TransGrimm Corpus and web-based interface

The corpus

The TransGrimm corpus, which is currently being compiled by the TransGrimm group at the TU Chemnitz, is an aligned multi-parallel corpus of all the published German versions of the world-renowned Kinder- und Hausmärchen (KHM) collected by the brothers Jacob and Wilhelm Grimm, as well as their English translations, although plans exist to expand the corpus to also include translations into other languages. The TransGrimm corpus is an aligned corpus, meaning that each fairy tale and its respective translations are divided into segments or ‘chunks’ of a certain length (which may correspond to a clause, a sentence or a paragraph), with equivalent chunks cross-linked (‘aligned’) using various methods (such as a tabular format or indexation).
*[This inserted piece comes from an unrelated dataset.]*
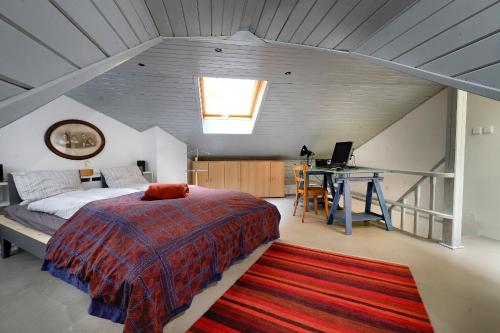 a bedroom with a bed and a desk in a attic at Pawlansky Apartments in Prague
This allows one to compare the changes (such as additions/omissions) introduced into the fairy tale either by the original authors over time or by the individual translators. For an example of the multi-parallel alignment that is the hallmark of the TransGrimm corpus, see the Rapunzel excerpt below. Early stages of the corpus compilation process consisted of manual alignment by a student assistant. Presently, however, the project group is developing a neural networks-based automated alignment algorithm called NeurAligner.

KHM 1843
„Rapunzel, Rapunzel, laß mir dein Haar herunter."

KHM 1857
„Rapunzel, Rapunzel, laß dein Haar herunter."

Paull 1868
"Lettice, Lettice, let down your hair, That I may climb without a stair."

Hunt 1884
"Rapunzel, Rapunzel, Let down thy hair to me."
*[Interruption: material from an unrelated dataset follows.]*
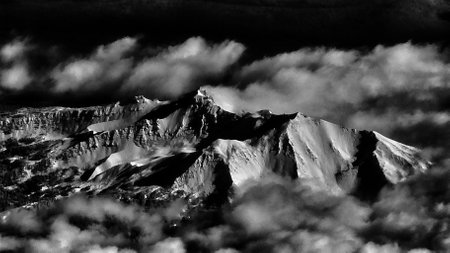 Dramatic Aerial View of Mountains and Cloudsの写真素材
Alignment example featuring an excerpt from the "Rapunzel" (KHM 012, alignment chunk 34) fairy tale

The web-based corpus interface

To make our TransGrimm corpus available to the public in an easily searchable format, we are currently developing a web-based interface for it, which will be freely accessible once completed. The webtool will adapt the traditional KWIC (keyword-in-context) view, familiar to everyone from non-aligned corpora, to the display of aligned multi-parallel corpus query results. The hits will be presented as a list of KWIC items in the middle of the page, flanked by their immediate context on either side. However, unlike in the aligned corpus webtools available to date, the hits will be displayed vertically (from top to bottom) instead of horizontally (from left to right), permitting a fast and clear overview of the differences and similarities between parallel segments. We also plan to integrate a machine translation module into the corpus query process in order to translate the query term into the other available language, so that its equivalent can also be highlighted and centrally aligned on the page. The below screenshot of the TransGrimm webtool mockup demonstrates this idea usind the example of the query term great*.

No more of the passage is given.